The new trust, created by town meeting, will no longer have to wait until that body meets to act on property purchases and sales, working instead in tandem with the board of selectmen. Voters also ensured that the trust will have about $700,000 in resources at the outset.
“The way I look at it, the trust is the money,” Selectman Mefford Runyon said. “The affordable housing committee is policy, search, identification, the connection into the community. When all is said or done a year or two out, the affordable housing committee will still be the more important of the two. The trust is just there to try to make things happen that the affordable housing people wish to have happen.”
Eagerness to serve on the trust created a surplus not just of candidates from the community but also from the board. The bylaw calls for five to seven members, with at least one being a selectman. Runyon and Chairman Alan McClennen, both former bank officers, offered to serve.
The trust “is a very important, strong arm of the board of selectmen,” McClennen said. “As we proceed to put this together, we should have two members of the board on this committee. Two members out of seven would not be a majority.”
Selectman David Currier said he'd be comfortable with the board having only one member. “I feel like every meeting when we're trying to get people to volunteer for these boards, we fill up a spot with a person already on a board,” he said. Nine applicants had come forward to join the trust, not including the two selectmen.
Selectman Kevin Galligan suggested that one selectman could be a member and the other an alternate. That change, and increasing membership from seven to nine, would need town meeting approval.
McClennen said he could accept having just one selectman serve. “I'd like to get this trust up and running as soon as possible so we can take some actions almost immediately,” he said. “George (Meservey, director of planning and community development) and I have had some conversations about parcels. George has had conversations with Habitat for Humanity; if we can find parcels, they'll come in and build houses.”

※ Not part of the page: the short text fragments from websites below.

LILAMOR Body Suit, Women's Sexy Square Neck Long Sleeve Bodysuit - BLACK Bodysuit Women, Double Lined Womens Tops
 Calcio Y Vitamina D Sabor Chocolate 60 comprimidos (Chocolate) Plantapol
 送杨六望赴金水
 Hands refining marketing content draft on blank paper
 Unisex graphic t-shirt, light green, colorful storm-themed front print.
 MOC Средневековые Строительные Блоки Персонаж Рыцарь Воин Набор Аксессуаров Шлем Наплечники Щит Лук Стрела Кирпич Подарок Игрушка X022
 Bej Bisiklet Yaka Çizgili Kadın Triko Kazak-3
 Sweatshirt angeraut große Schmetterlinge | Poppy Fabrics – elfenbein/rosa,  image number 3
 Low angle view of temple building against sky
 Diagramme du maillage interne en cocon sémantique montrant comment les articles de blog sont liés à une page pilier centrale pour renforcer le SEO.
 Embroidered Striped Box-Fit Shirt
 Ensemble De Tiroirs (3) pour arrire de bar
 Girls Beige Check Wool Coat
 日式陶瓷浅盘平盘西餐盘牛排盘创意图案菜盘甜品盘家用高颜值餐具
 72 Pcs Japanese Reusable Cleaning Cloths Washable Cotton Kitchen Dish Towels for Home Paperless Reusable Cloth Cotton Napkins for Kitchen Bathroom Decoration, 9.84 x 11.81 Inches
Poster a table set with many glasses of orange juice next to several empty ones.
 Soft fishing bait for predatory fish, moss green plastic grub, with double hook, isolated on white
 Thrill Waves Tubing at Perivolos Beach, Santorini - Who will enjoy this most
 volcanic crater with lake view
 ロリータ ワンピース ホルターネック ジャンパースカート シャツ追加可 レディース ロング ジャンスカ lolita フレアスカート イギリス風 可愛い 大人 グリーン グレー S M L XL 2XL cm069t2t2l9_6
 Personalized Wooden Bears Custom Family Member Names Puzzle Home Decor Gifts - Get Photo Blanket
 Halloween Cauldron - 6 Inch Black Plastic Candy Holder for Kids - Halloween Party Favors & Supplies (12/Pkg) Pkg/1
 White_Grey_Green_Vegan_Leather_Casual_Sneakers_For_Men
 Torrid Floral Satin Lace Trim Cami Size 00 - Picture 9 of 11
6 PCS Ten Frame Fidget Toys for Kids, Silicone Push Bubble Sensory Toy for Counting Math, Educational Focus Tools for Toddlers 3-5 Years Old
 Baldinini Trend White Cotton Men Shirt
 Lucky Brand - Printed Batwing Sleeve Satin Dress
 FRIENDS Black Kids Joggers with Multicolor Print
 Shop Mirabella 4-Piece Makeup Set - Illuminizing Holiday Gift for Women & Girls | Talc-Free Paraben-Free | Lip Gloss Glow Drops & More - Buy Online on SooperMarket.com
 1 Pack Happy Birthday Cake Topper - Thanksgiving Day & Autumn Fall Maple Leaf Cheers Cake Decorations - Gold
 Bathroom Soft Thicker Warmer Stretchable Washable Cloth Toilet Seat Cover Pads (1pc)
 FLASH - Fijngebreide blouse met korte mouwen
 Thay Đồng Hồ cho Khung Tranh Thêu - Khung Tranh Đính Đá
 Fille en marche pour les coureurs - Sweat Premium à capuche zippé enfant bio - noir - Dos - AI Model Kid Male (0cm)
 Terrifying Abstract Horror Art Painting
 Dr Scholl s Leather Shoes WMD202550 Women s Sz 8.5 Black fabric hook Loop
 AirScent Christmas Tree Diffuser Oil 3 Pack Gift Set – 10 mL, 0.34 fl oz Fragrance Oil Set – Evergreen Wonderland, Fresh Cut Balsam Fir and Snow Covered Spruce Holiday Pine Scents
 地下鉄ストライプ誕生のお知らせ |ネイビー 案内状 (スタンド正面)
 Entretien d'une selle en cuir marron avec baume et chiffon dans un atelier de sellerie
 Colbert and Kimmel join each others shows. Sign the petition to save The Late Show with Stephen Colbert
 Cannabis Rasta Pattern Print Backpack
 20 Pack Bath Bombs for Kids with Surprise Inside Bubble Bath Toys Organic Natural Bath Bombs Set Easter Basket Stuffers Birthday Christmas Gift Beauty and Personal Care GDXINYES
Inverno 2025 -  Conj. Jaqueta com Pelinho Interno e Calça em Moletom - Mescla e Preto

The board appointed McClennen to the trust. He'll be joined by non-profit manager Henry Brehm, building company CEO and zoning board member Matt Cole, architect and former zoning board member Greg DeLory, educator Wade Ghory, attorney and former town moderator Duane Landreth, and Nauset Regional High School teacher Alexis Mathison. She's the daughter of Selectman Mark Mathison, who recused himself from the vote.
Before the vote, Landreth said he was “humbled to be among such a talented group.” A view of how the trust might operate was advanced, again before the vote to appoint, by Ghory. “I'm not a builder. I'm not a financier,” he said, adding that he had overseen construction of schools as an administrator. “I've been in the position of having to tell the story of these projects, sell the vision, communicate with people who were skeptical or opposed, trying to find the path forward... Affordable housing has been an interest of mine since back in the war on poverty, which I don't think we've won.”
Hours before the selectmen met Jan. 2, the affordable housing committee agreed to spend $25,000 in community preservation funds for an architect's conceptual study of the Cape Cod Five operations center off West Road. The bank is building a new headquarters in Barnstable, and an earlier analysis just of the building found that it could accommodate 29 one-bedroom units, five on the lower floor and 12 each on two floors above. By coincidence, that was one unit short of a threshold requiring mandatory Cape Cod Commission review, but Meservey said he didn't believe that “was the driver” for coming up with the number.
When the selectmen and the committee met with Laura Shufelt of the Massachusetts Housing Partnership last month, she advised them that a development at the site would attract more funding if more units were offered. “There could be additional townhouses around the periphery,” Meservey said. Twelve of those would help the development approach the “sweet spot” for funding with a total of 41.
“I want to see how many we can get on there,” said committee chair Katie Wibby. “Can't we do more (than 29)? I think we can based on what Laura said and what the land can sustain.”
Meservey said a letter of intent to the bank regarding pursuit of a purchase and sales agreement is being drafted for the board of selectmen. He added that the bank “is probably a full year from getting out of there.”
The committee asked Meservey to contact the owner of Bayberry Square on Route 6A, aka the Underground Mall, regarding a possible sale. The property is on the market. The board reviewed the pros and cons of other properties with potential for affordable units, including four acres at John Avellar Circle near senior housing. That site will be reviewed more closely at the board's next meeting.